◆ What you are asked to do: Write down exactly the lines from the one below that has "Vaughan, ON L4J" to the end of the data, both ends included; the pictures should not appear in your copy.

★ ★ ★ ★ ★

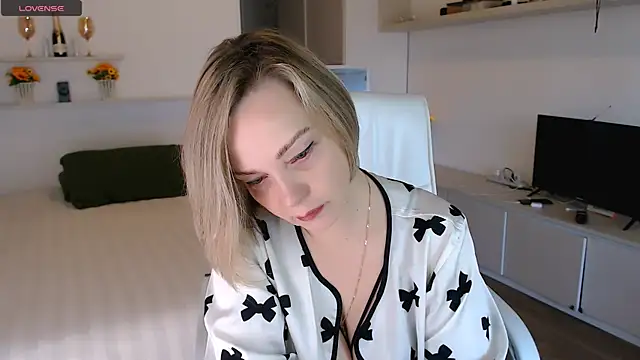 Tilly Eliot online show from 09.24.25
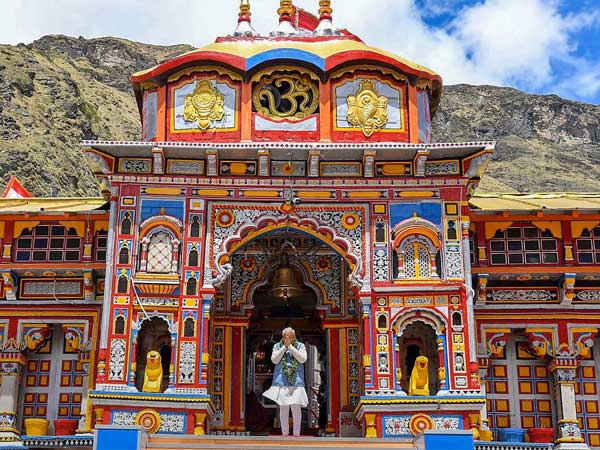 Modi in Uttarakhand: PM performs puja at Badrinath temple Modi in Uttarakhand: PM performs puja at Badrinath temple
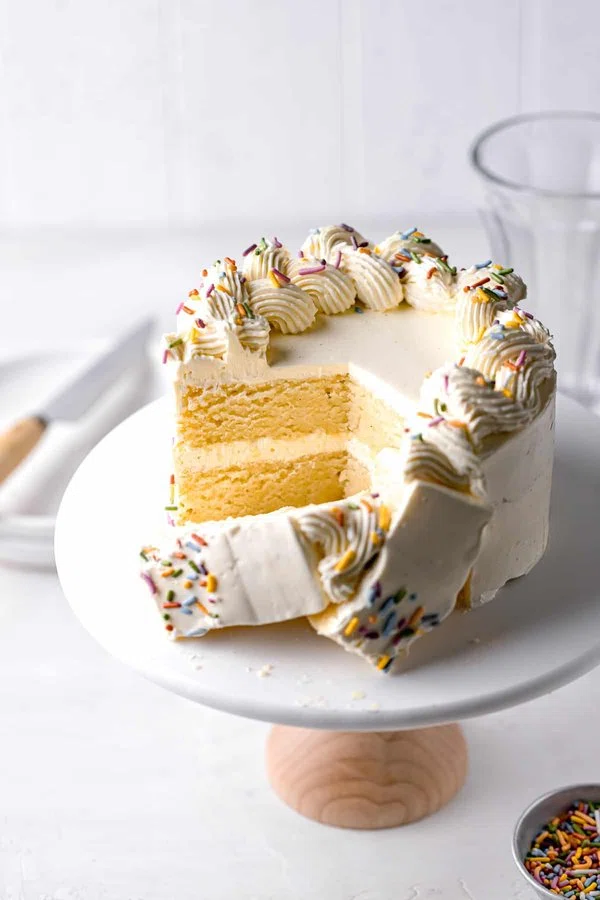 Small Vanilla Cake Recipe cover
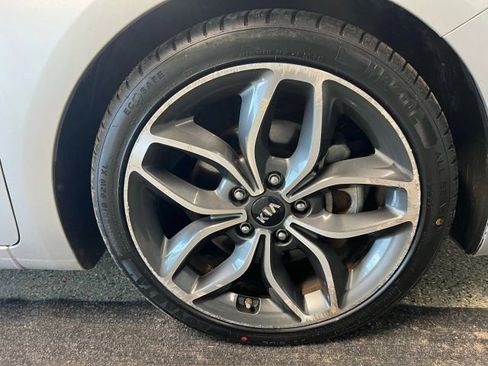 Used 2015 Kia Forte SX image 16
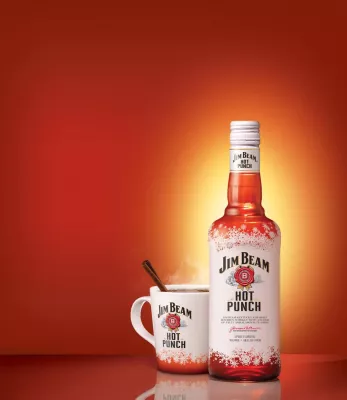 Bild: Jim Beam Hot Punch heizt das Wintergeschäft an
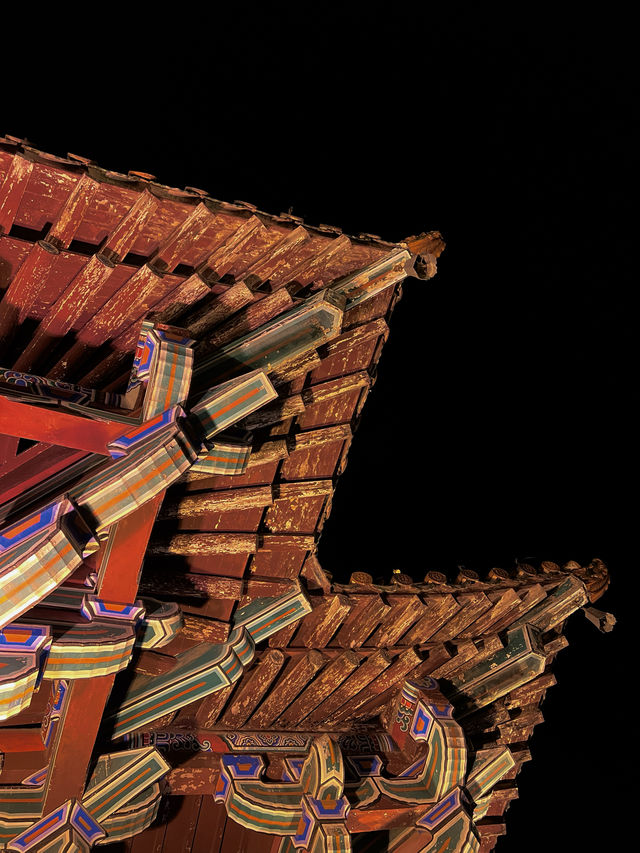 夜登鸛雀樓丨跟着黑神話悟空看古建。 夜登鸛雀樓丨跟着黑神話悟空看古建。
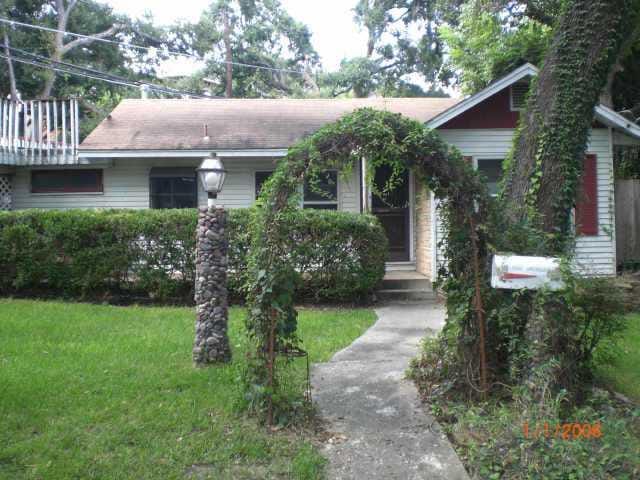 1006 Avondale RD
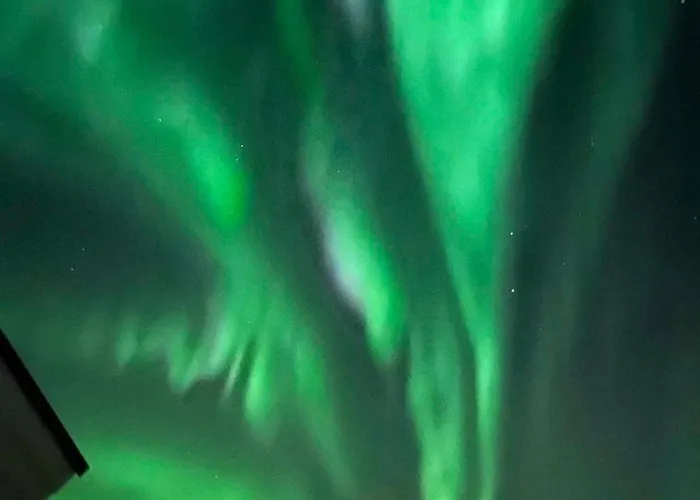 Discover The Ultimate Aurora Escape With A Cozy Outdoor Sauna And Hot Tub Hébergement de vacances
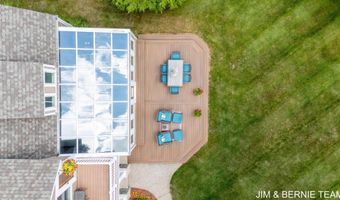3235 Lakeview Dr, Allegan, MI 49010
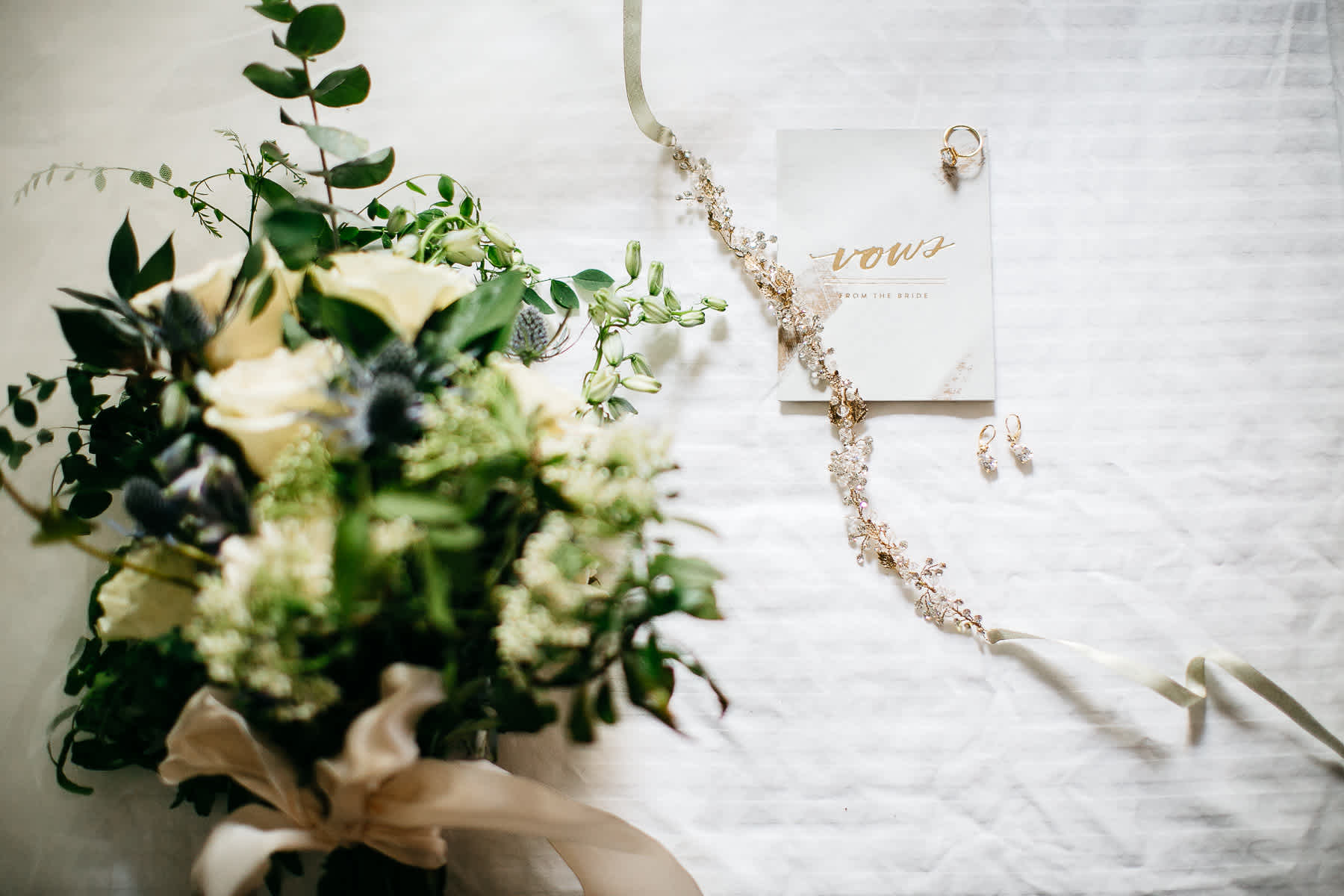 nyc-bhldn-stylized-brooklyn-bridge-elopement-15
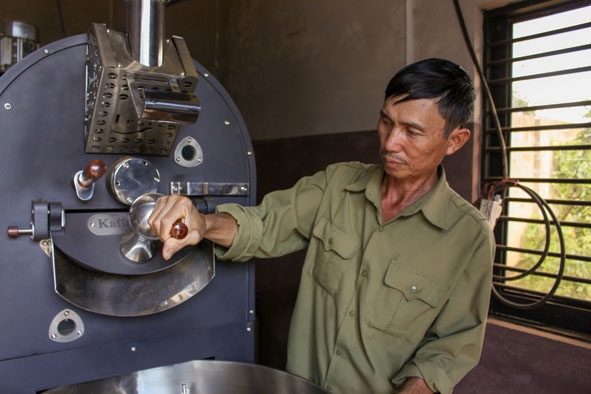 Cựu chiến binh Phạm Bá Minh giới thiệu hệ thống rang xay cà phê của gia đình mình.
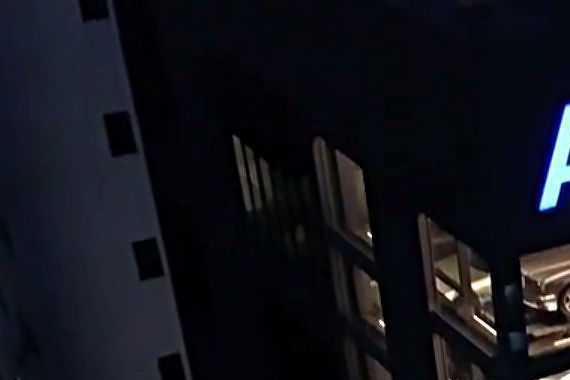 来看看世界最“大”的“车模”专卖店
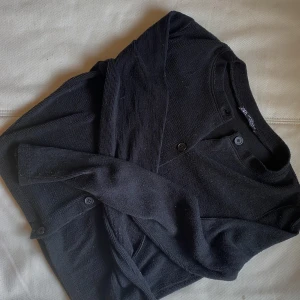 Zara Kofta - Jätte söt kofta från Zara jag råkade hastigt beställa i fel storlek vilket innebär att den är helt oanvänd! Den är lite croppad och sitter fint! 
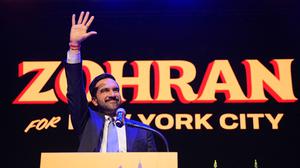 Zohran Mamdani gewinnt die Bürgermeisterwahl in New York. 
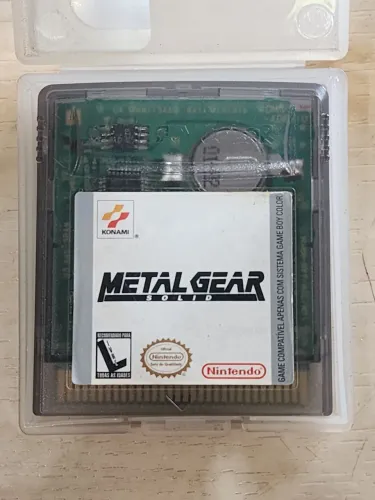 Leve a espionagem ao portatil da nintendo game boy em Metal Gear solid 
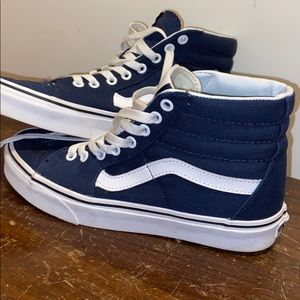 Navy blue high top vans (men’s: 6.5 women’s: 8)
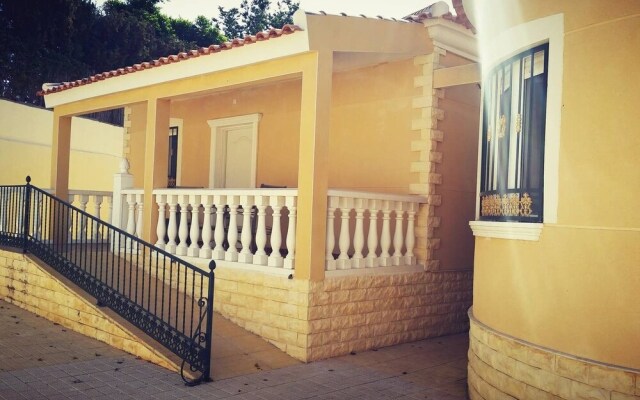 Large Luxurious Villa Urb La Escuera Private Pool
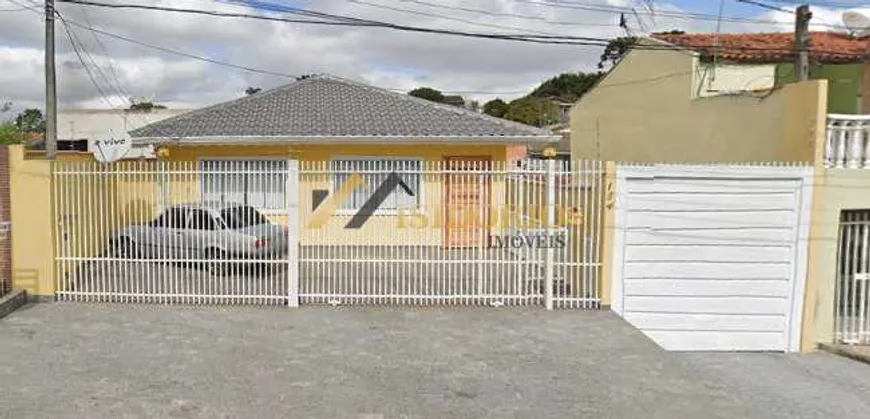 Foto 1 de Sobrado com 4 Quartos à venda, 200m² em Maracana, Colombo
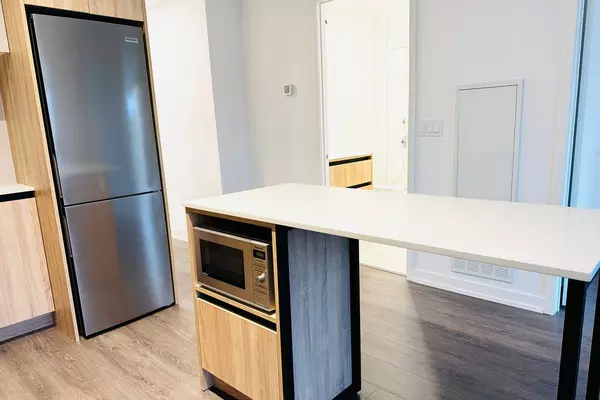 Vaughan, ON L4J 0L5,8 Beverley Glen BLVD #315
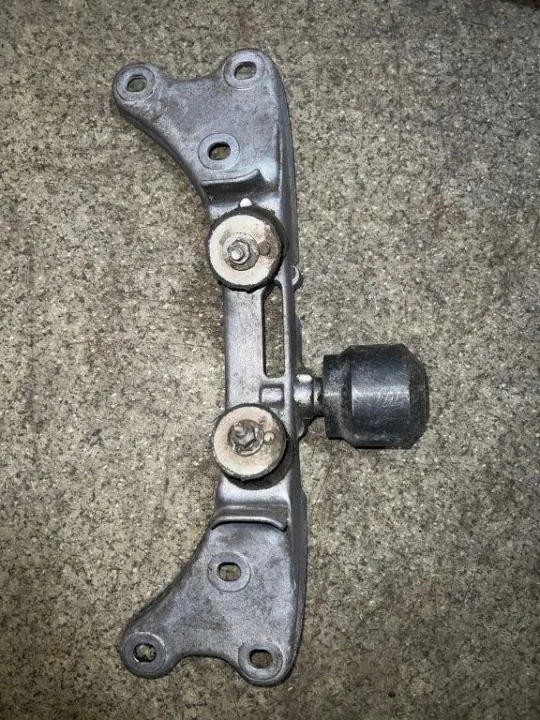 Support de boîte BMW OEM 1092557 pour Série 7 E38 image 2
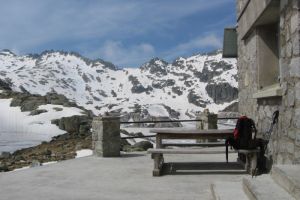 La terrasse du refuge de Migoulou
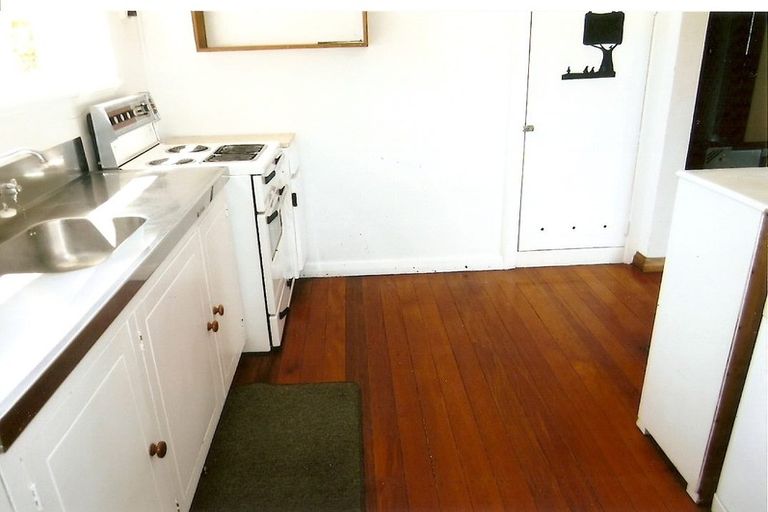 Photo of property in 192 Blenheim Road, Riccarton, Christchurch, 8041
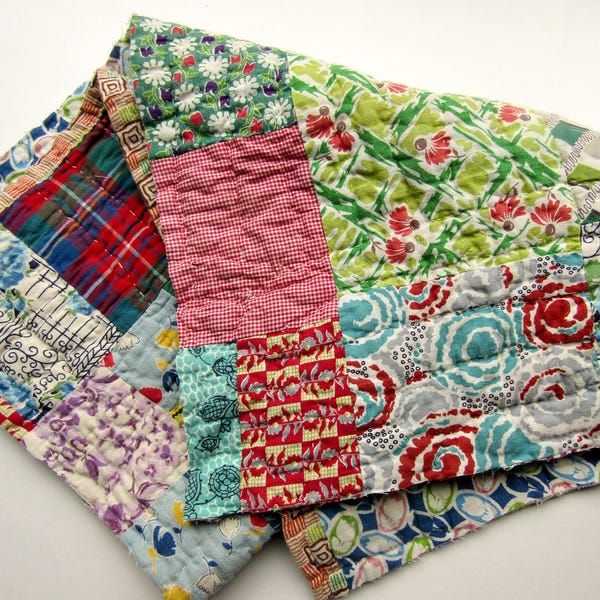 Vintage 1940's Decorative Cottons Scrappy Design Quilt Piece for Wall, Home Decor, Creative Work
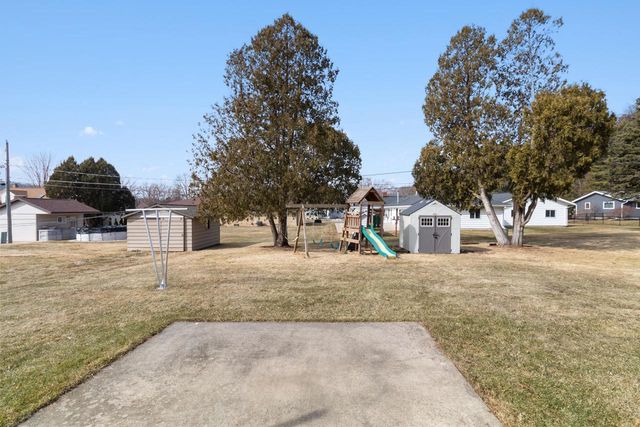 2221 Hickory Street, Cross Plains, WI 53528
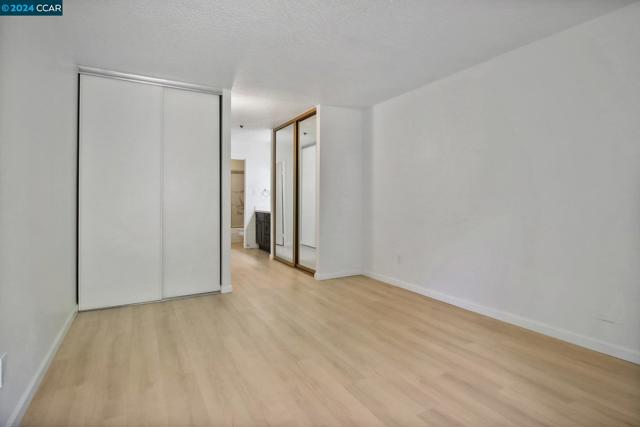 Image 14 of 36 For 555 Pierce St  840
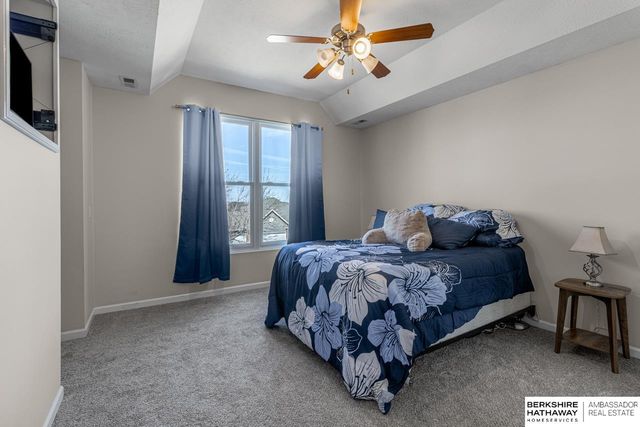 1679 Lake Ridge Drive, Plattsmouth, NE 68048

★ ★ ★ ★ ★

◆ Output for this task:
 Vaughan, ON L4J 0L5,8 Beverley Glen BLVD #315
 Support de boîte BMW OEM 1092557 pour Série 7 E38 image 2
 La terrasse du refuge de Migoulou
 Photo of property in 192 Blenheim Road, Riccarton, Christchurch, 8041
 Vintage 1940's Decorative Cottons Scrappy Design Quilt Piece for Wall, Home Decor, Creative Work
 2221 Hickory Street, Cross Plains, WI 53528
 Image 14 of 36 For 555 Pierce St  840
 1679 Lake Ridge Drive, Plattsmouth, NE 68048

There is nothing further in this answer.